The three-body problem is a classical physics problem that asks: "Given the initial positions and velocities of three point masses, predict their subsequent motion according to Newton's laws of motion and universal gravitation." While no general solution exists for arbitrary initial conditions, specific solutions like the figure-8 orbit have been discovered.



The figure-8 orbit was first discovered numerically by physicist Christopher Moore in 1993 and later proven mathematically by Alain Chenciner and Richard Montgomery.



## Implementation Details



This simulation implements:



- **Newtonian Gravitational Physics**: Each body applies gravitational force on the others according to Newton's universal law of gravitation.

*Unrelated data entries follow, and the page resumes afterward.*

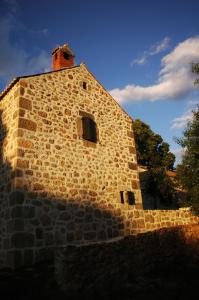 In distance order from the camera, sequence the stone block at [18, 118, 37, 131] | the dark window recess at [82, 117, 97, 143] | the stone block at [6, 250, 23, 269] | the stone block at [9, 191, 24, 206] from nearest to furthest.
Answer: the stone block at [6, 250, 23, 269]
the stone block at [9, 191, 24, 206]
the stone block at [18, 118, 37, 131]
the dark window recess at [82, 117, 97, 143]

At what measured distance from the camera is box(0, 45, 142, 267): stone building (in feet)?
27.7

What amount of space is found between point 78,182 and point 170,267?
4.50 metres

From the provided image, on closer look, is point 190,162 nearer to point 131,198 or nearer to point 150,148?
point 131,198

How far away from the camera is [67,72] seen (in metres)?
11.8

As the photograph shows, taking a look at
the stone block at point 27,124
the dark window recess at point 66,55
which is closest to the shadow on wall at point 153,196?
the dark window recess at point 66,55

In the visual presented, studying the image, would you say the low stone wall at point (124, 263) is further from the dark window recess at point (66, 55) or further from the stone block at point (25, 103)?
the dark window recess at point (66, 55)

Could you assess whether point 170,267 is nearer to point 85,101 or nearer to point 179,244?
point 179,244

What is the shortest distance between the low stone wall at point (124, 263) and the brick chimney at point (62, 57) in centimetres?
951

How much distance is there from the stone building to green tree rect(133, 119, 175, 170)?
11.3 metres

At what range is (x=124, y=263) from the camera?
20.4 ft

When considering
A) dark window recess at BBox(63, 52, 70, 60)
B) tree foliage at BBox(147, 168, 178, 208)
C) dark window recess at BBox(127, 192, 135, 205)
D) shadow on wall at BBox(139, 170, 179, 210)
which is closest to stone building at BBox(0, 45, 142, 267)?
dark window recess at BBox(127, 192, 135, 205)

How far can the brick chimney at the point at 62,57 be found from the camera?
44.8ft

- **Velocity Verlet Integration**: For numerical stability in the orbital calculations.

- **Trail Visualization**: Each body leaves a colored trail showing its path over time, making the pattern clearly visible.

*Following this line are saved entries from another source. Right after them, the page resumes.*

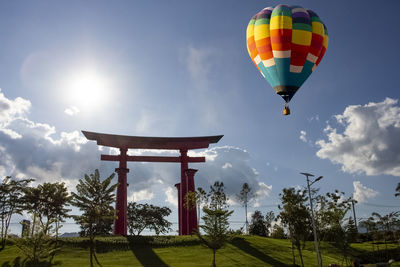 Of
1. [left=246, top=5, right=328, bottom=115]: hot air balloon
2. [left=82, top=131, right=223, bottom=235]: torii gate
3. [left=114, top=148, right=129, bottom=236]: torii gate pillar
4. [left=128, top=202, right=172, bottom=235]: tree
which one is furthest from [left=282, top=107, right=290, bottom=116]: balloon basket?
[left=128, top=202, right=172, bottom=235]: tree

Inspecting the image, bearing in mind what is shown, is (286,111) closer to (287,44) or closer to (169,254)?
(287,44)

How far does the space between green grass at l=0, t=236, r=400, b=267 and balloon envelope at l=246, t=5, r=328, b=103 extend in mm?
19044

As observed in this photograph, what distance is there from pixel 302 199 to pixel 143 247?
61.5ft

- **OpenGL Visualization**: The simulation is rendered using GLFW and OpenGL for smooth, real-time graphics.



## Technical Features



### Gravitational Physics



The simulation uses the gravitational formula:



```

F = G * (m₁ * m₂) / r²

```



Where:

- G is the gravitational constant

- m₁ and m₂ are the masses of two bodies

- r is the distance between the bodies



### Initial Conditions



The figure-8 orbit requires very specific initial conditions. The simulation uses the following normalized values:



- Three bodies of equal mass

- Initial positions: 

  - Body 1: (-0.97000436, 0.24308753)

  - Body 2: (0, 0)

  - Body 3: (0.97000436, -0.24308753)

- Initial velocities:

  - Body 1: (0.4662036850, 0.4323657300)

  - Body 2: (-0.93240737, -0.86473146)

  - Body 3: (0.4662036850, 0.4323657300)



These values are then scaled to fit the screen and produce a visible simulation.



### Trail Visualization



Each body leaves a colored trail:

- Body 1: Red trail

- Body 2: Green trail

- Body 3: Blue trail



## Building and Running



### Prerequisites



- C++ compiler

- CMake

- GLFW3 library

- OpenGL



### Build Instructions



```bash

# Clone the repository

git clone https://github.com/yourusername/figure8-orbit-sim.git

cd figure8-orbit-sim



# Build the project

mkdir build && cd build

cmake ..



# Run the simulation

make run

```



## Future Improvements



- User controls to adjust simulation parameters

- Addition of more celestial bodies

- Support for different orbital configurations

- Camera controls to zoom in/out and pan



## References



1. Chenciner, A., & Montgomery, R. (2000). A remarkable periodic solution of the three-body problem in the case of equal masses. *Annals of Mathematics*, 152(3), 881-901.

2. Moore, C. (1993). Braids in classical dynamics. *Physical Review Letters*, 70(24), 3675-3679.

3. Šuvakov, M., & Dmitrašinović, V. (2013). Three classes of Newtonian three-body planar periodic orbits.